Following the expansion of the campus Swedish American Hospital now includes several separate and interconnecting structures. The main campus is bounded by East State Street (US 20) on its north and by East Charles Street on its south-southwest side. Intersecting Charles and State Streets at the hospital's west boundary is Ninth Street, to the east is Williams Park. The buildings within the main Swedish American complex include the 94 bed heart hospital, SwedishAmerican Regional Cancer Center, a state of the art radiology and oncology center, opened in July 2013, Camelot Tower, the Renaissance Pavilion, the two main wings, and two other buildings which are located on the periphery of the main campus. The Ninth Street Center is located across Ninth Street from Swedish American Hospital and the L.P Johnson Building is located in the complex's far northwest corner. The hospital also owns an 1873 Gothic Revival house, known as the Lake-Peterson House which was donated by the estate of Pehr August Peterson. The house stands on the main Swedish American campus and is listed on the U.S. National Register of Historic Places.

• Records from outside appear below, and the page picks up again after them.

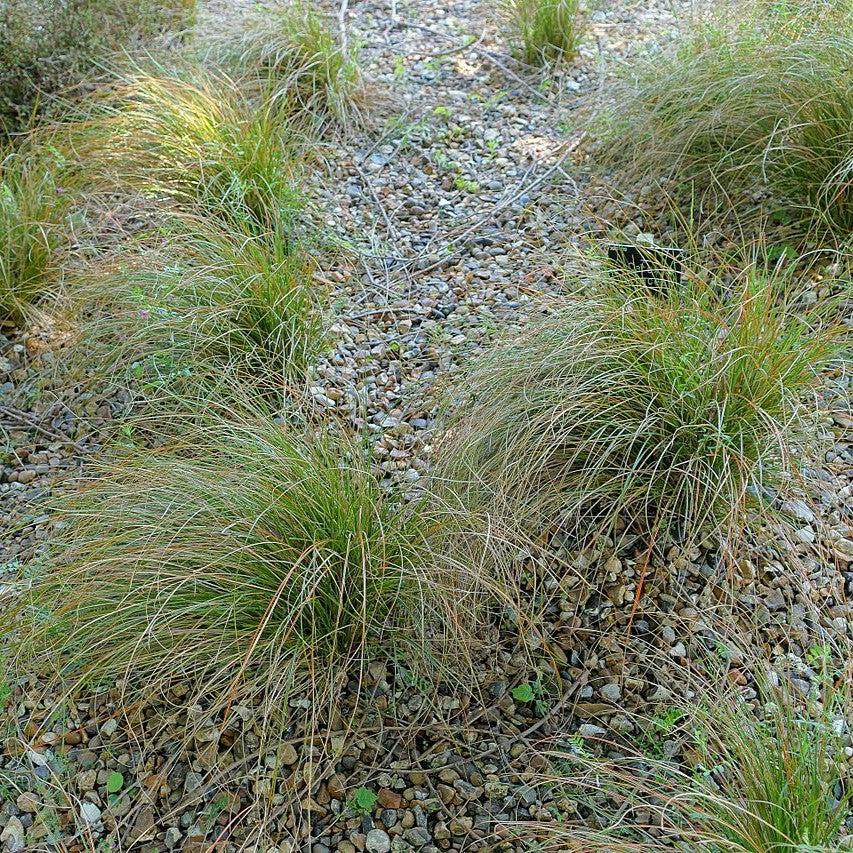 Carex testacea ~ Orange Hair Sedge-ServeScape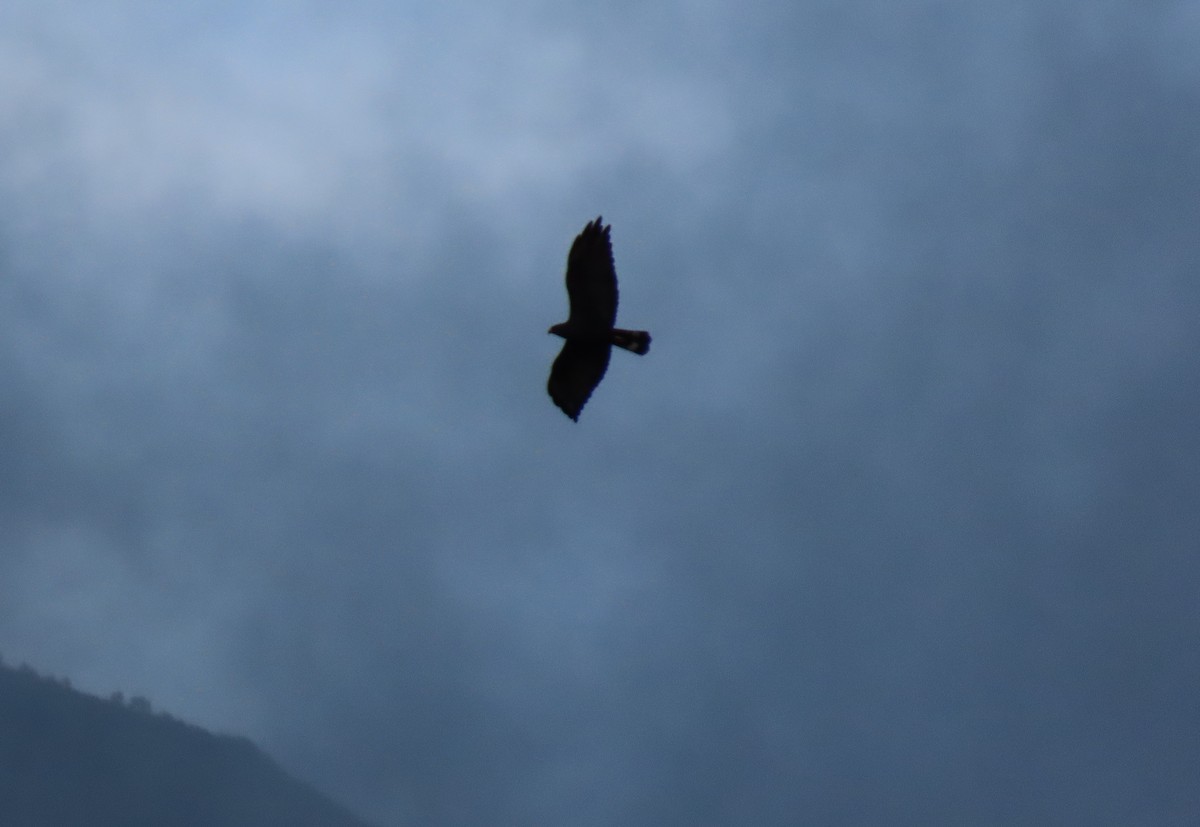 Zone-tailed Hawk - ML646556343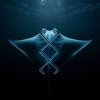 封面 KREAM - Manta KREAM - Manta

The emergency department entrance at Swedish American is located on the buildings west facade and is entered via a driveway that stretches from Charles Street, across the complex, to State Street.

==Performance and awards==
According to a 2005 survey, 98% of Swedish American patients would recommend Swedish American Health Systems to their friends and family.

Clinical Quality
- Top 100 Hospital Quality Award (Total Benchmark Solutions)
- 100 Top Hospital Designation (Solucient)
- Distinguished Hospital Award (J.D. Power and Associates)
- National Quality Cup (Rochester Institute of Technology)
- Cardiac Surgery Excellence Award (HealthGrades)
- Outstanding Achievement Award (American College of Surgeons Commission on Cancer)
- "Best in Hearts" Designation (HealthGrades)
- Consumer Preference/Patient Satisfaction
- Consumer Choice Award (National Research Corporation)
- Patient Satisfaction Award (Arbor and Associates)

Community Impact
- On the Bus Award (Crusader Clinic)
- Corporate Award (Salvation Army)
- Community Impact Award (MidTown District)

Workplace Excellence
- Top 100 Integrated Healthcare Network (Verispan)
- Lincoln Award for Excellence (Lincoln Award for Performance Excellence)
- Governor's Family Investment Award (State of Illinois)
- Gold Award of Well Workplace USA (Wellness Councils of America)

Information Technology
- Most Wired Hospital (Hospitals & Health Networks Magazine)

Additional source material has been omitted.